The point is that the “independence” of the Justice Department is a blind spot in the US government. We might normally permit the Justice Department to operate independently, but that’s only as long as the Executive permits it; Trump is far from the first President to push the boundaries. In fact, the Inspector General position was established by Congress largely in response to the Nixon Watergate scandal; given that the IG reports to Congress, it’s seen as part of Congress’ Constitutional authority to exercise oversight over the Executive branch.

But Congress’ oversight doesn’t necessarily amount to much. The President, as far as we know, can’t be charged with crimes while in office; Congress’ sole “check” on Presidential abuse is impeachment. But impeachment isn’t a legal process: it’s a political one, and it is (probably justifiably) rarely used and (so far) never successful.

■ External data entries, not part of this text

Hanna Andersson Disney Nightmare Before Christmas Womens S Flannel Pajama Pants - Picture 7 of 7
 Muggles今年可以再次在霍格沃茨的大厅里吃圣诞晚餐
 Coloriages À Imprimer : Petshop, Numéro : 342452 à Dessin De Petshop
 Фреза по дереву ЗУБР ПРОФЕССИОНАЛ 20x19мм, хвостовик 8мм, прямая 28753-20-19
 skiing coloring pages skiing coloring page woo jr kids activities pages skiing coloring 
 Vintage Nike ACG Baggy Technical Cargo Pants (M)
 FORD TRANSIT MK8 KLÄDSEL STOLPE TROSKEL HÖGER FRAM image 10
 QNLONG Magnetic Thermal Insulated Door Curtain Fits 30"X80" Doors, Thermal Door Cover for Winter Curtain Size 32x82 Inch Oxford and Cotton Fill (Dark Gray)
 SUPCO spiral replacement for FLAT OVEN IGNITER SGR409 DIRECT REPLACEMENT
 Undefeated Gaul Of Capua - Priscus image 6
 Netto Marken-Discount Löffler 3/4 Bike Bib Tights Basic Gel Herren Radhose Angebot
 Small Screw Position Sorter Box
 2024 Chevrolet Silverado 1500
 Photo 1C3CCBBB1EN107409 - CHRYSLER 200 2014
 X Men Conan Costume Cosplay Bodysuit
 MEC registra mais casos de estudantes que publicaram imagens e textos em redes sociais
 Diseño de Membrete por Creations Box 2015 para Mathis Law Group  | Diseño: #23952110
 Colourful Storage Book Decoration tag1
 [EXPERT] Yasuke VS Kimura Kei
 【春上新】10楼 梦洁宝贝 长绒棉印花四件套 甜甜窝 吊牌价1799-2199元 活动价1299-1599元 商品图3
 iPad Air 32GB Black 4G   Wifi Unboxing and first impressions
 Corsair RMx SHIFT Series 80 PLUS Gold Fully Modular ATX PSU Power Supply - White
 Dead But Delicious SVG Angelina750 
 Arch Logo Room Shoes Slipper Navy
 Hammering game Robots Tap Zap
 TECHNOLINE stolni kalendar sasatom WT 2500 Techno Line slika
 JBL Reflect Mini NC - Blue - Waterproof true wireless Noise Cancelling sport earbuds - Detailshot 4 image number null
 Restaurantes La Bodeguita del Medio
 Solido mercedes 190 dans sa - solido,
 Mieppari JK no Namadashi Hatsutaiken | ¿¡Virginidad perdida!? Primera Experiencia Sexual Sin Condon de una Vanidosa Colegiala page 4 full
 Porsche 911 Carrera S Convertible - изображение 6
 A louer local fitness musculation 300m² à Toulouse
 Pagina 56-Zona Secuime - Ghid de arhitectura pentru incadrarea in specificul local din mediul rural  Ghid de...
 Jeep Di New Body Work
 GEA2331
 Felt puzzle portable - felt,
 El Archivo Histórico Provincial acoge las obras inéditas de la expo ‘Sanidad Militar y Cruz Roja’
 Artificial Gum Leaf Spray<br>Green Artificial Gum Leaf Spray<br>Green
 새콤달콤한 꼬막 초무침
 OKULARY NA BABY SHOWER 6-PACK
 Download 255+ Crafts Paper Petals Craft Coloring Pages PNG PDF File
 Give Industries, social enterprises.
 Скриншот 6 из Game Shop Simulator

I personally find it fascinating, as a point of law. We actually have a lot of artifacts in our legal system that exist due to tradition and practice, rather than codified laws, but the “independence” of the Justice Department is unique to me because it’s so highly placed. Looking at things like the IG, the FBI Director’s Congressionally mandated 10 year term, and other things, it feels like we want to put some legal independence around the Justice Department, but we’ve never really been able to do so. True independence could probably only come from a Constitutional amendment, but I think people struggle to create one that would accomplish the goal without creating worse problems.

But I guess the message is this: the UK has never modified its Royal Assent, because it hasn’t been abused. If we in the US feel that we want an independent Justice Department, and if we feel tradition isn’t enough to ensure it, then we should adjust our laws accordingly.